此外,《新加坡調解公約》僅適用於“商事爭議”,第1條第2款排除了不屬於商事爭議的幾類情形,包括與個人或家庭消費、親屬繼承關系、就業有關的和解協議。第1條第3款還排除了由法院批準或在法院程序形成並能在該法院所在國作為判決執行或者可作為仲裁裁決執行的和解協議。
國際商事和解協議的效力與執行:
初探《公約》與我國製度適配難點
《新加坡調解公約》第3條第1款規定了和解協議的執行力,即“本公約每一當事方應按照本國程序規則並根據本公約規定的條件執行和解協議”;第2款進一步規定了和解協議的終局效力,即“如果就一方當事人聲稱已由和解協議解決的事項發生爭議,公約當事方應允許該當事人按照本國程序規則並根據本公約規定的條件援用和解協議,以證明該事項已得到解決”。簡而言之,對於滿足《新加坡調解公約》要求的國際和解協議,《新加坡調解公約》直接賦予了其執行力和終局效力。
這樣的規定與中國法目前對調解協議的定性、效力與執行的規定有較大區別。我國爭議解決製度框架下常見的調解方式包括法院調解、仲裁中的調解、商事/行業組織調解和人民調解委員會調解(“人民調解”)三類,具體而言:
1. 法院調解
《中華人民共和國民事訴訟法》(2021修正)第八章專門規定了法院調解製度,其中:
調解達成協議,人民法院應當製作調解書…調解書經雙方當事人簽收後,即具有法律效力。
《中華人民共和國民事訴訟法》(2021修正)第一百條
調解書和其他應當由人民法院執行的法律文書,當事人必須履行。

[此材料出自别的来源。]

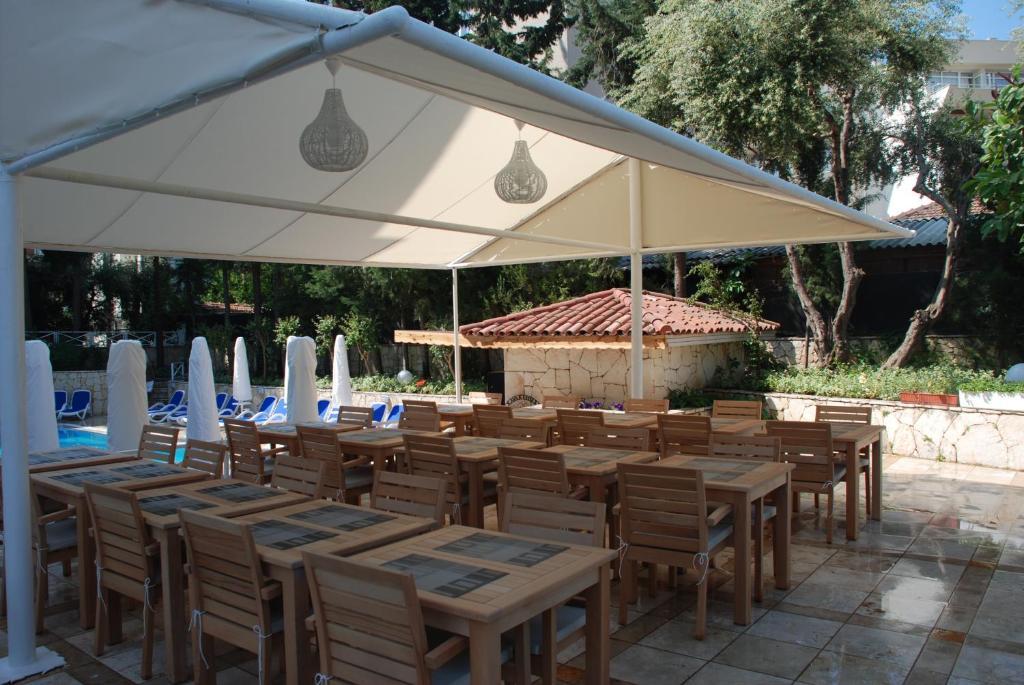 Villa Adora Beach Sidé Extérieur photo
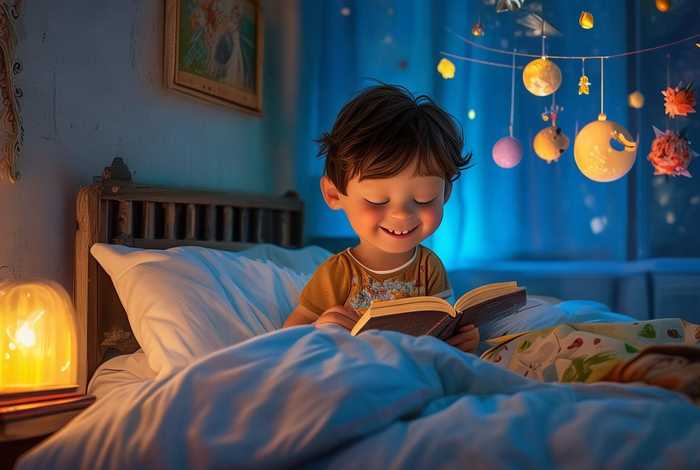 儿童睡前小故事十岁以下(睡前小故事10岁以上) 儿童睡前小故事十岁以下(睡前小故事10岁以上)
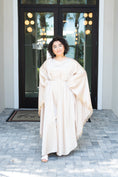 Load image into Gallery viewer, Lana Abaya
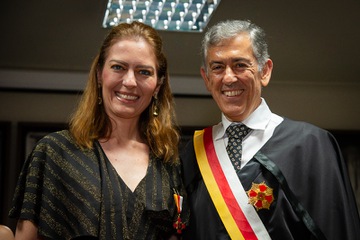 2026 0925 Medalha-112.jpg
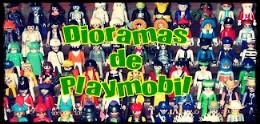 El Circo de los Cliks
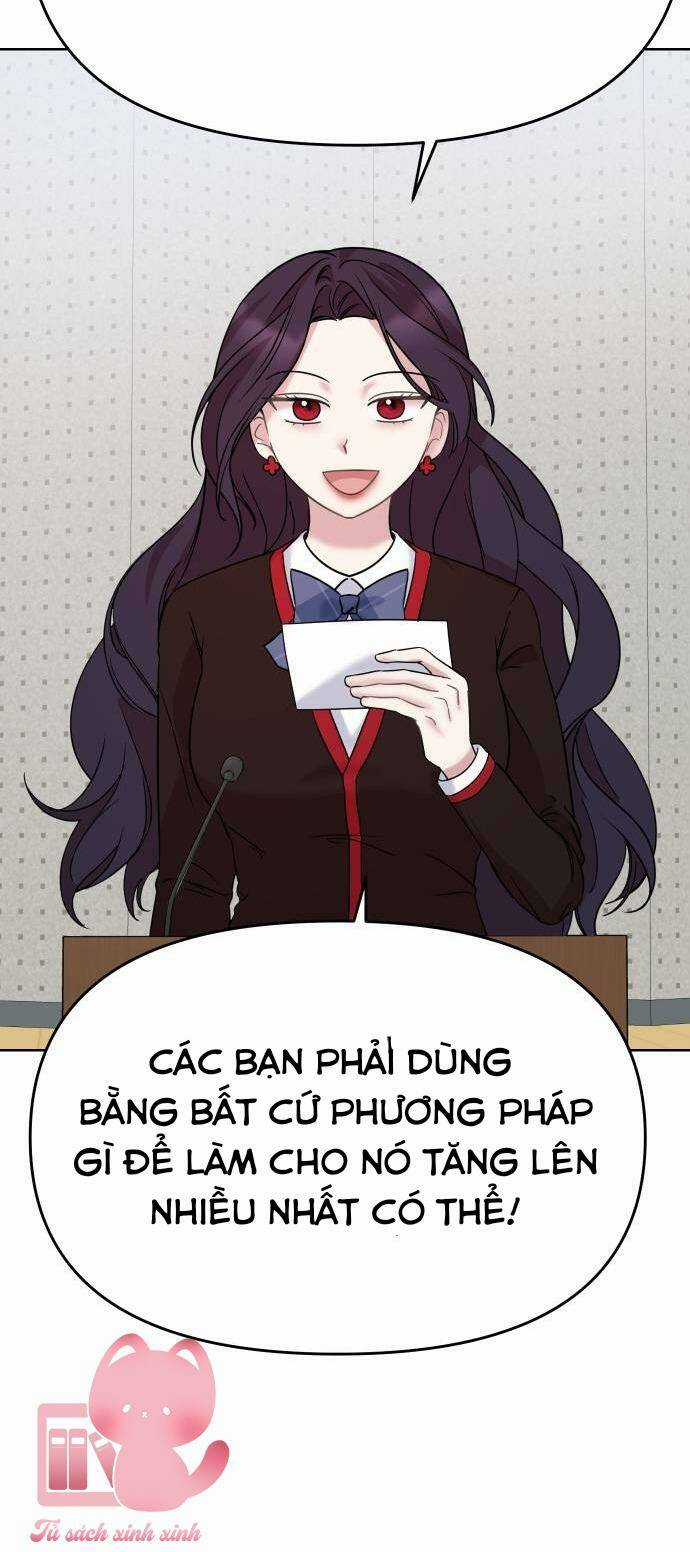 Quản Gia, Làm Ơn! Chapter 22 trang 70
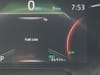 30 thumbnail image of  2024 Toyota RAV4 XLE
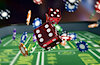 casino777lv
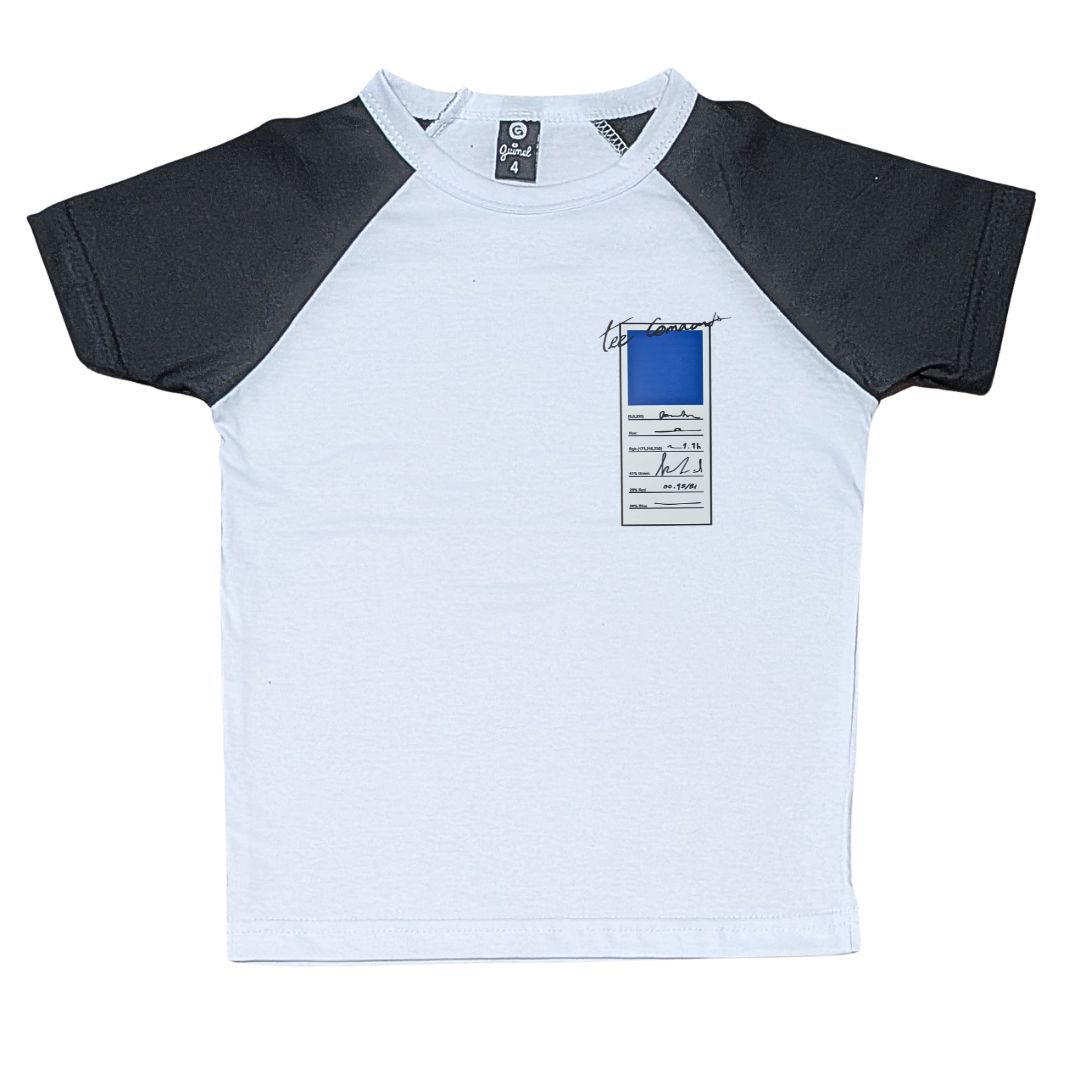 10280	remera Niño Teen Mc Rangla Combinada Cuadro Pantone	 - 10280%202.jpg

一方拒絕履行的,對方當事人可以向人民法院申請執行。
《中華人民共和國民事訴訟法》(2021修正)第二百四十三條
對判決、裁定、調解書已經發生法律效力的案件,當事人又起訴的,告知原告申請再審,但人民法院準許撤訴的裁定除外。
《中華人民共和國民事訴訟法》(2021修正)第一百二十七條第(五)項
由以上規定可知,法院調解一般會在調解協議基礎上形成調解書,且調解書具有類似於法院生效判決一般的強製執行力和終局效力,當事人就同一爭議事項無權再起訴。僅從效力角度而言,我國法院調解所形成的調解書與《新加坡調解公約》賦予和解協議的效力基本是一致的。然而,法院調解形成的調解書落入了《新加坡調解公約》第1條第3款規定的“由法院批準或在法院程序形成並能在該法院所在國作為判決執行”這一排除適用的情形。換言之,我國法院調解所形成的調解書難以根據《新加坡調解公約》在其他國家得到執行,而只能通過與他國締結的判決執行相關條約進行執行。

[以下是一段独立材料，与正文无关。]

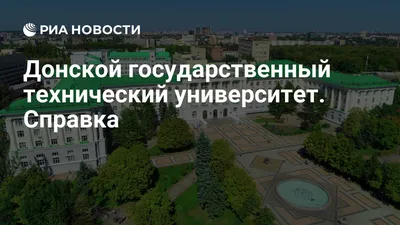 Купить Стол Геометрия-9 в Ростове-на-Дону, отличные цены на письменные  столы для школьников | Интернет-магазин мебели Mebelinet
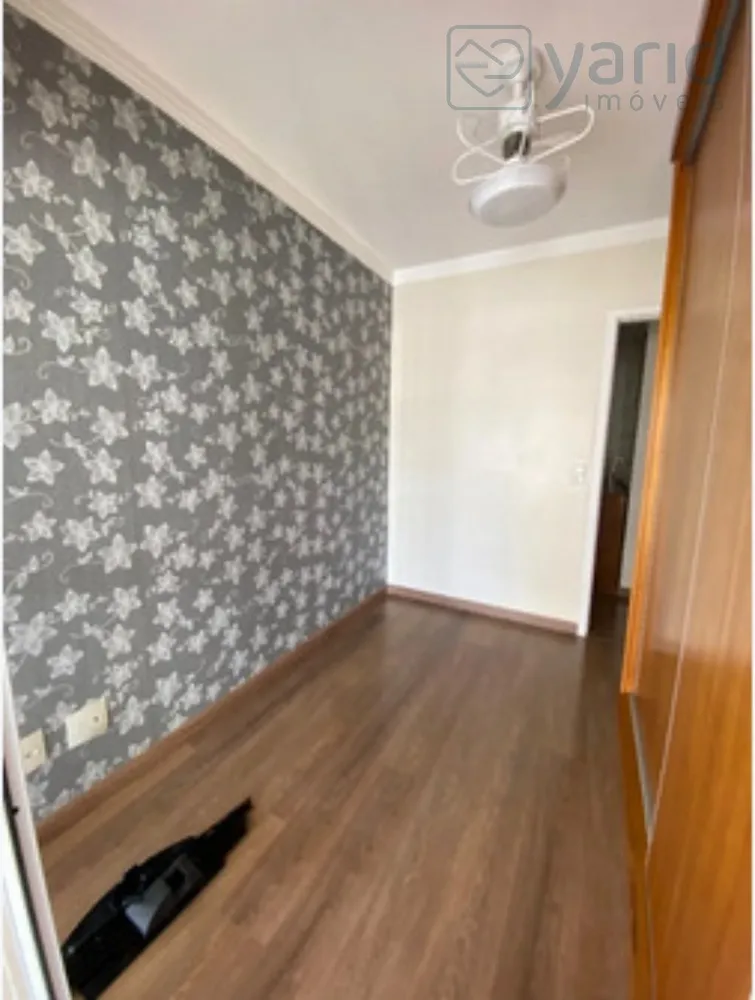 Apartamento, 3 quartos, 100 m² - Foto 10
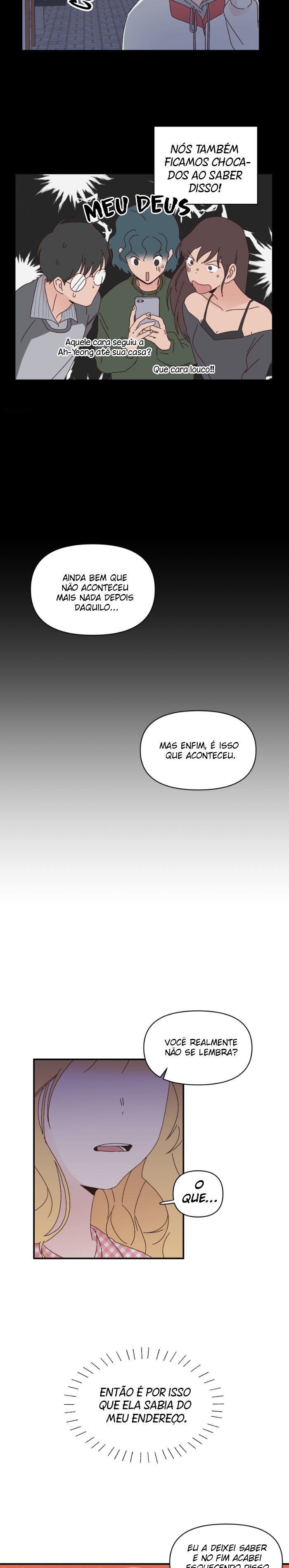 Cap 7 página 11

除了一般的法院調解外,我國還依托於最高人民法院國際商事法庭建立了“國際商事專家委員會成員或者國際商事調解機構的調解”機製。根據2018年7月1日施行的最高人民法院《關於設立國際商事法庭若幹問題的規定》(“《國際商事法庭規定》”),對於當事人協議選擇最高院管轄且標的額在人民幣3億以上的國際商事案件、在全國有重大影響的國際商事案件等由最高人民法院國際商事法庭受理一審;根據《國際商事法庭規定》第十二條、第十三條、第十五條、第十七條規定,經當事人同意,國際商事法庭受理案件後可以委托國際商事專家委員會成員或者國際商事調解機構調解;如果當事人經調解達成調解協議的,國際商事法庭可以依照法律規定製發調解書,調解書經雙方當事人簽收後具有與判決同等的法律效力;此外,如果當事人要求,國際商事法庭亦可依協議內容製作判決書送達當事人。國際商事法庭作出的判決、裁定、調解書,當事人可以向國際商事法庭申請執行。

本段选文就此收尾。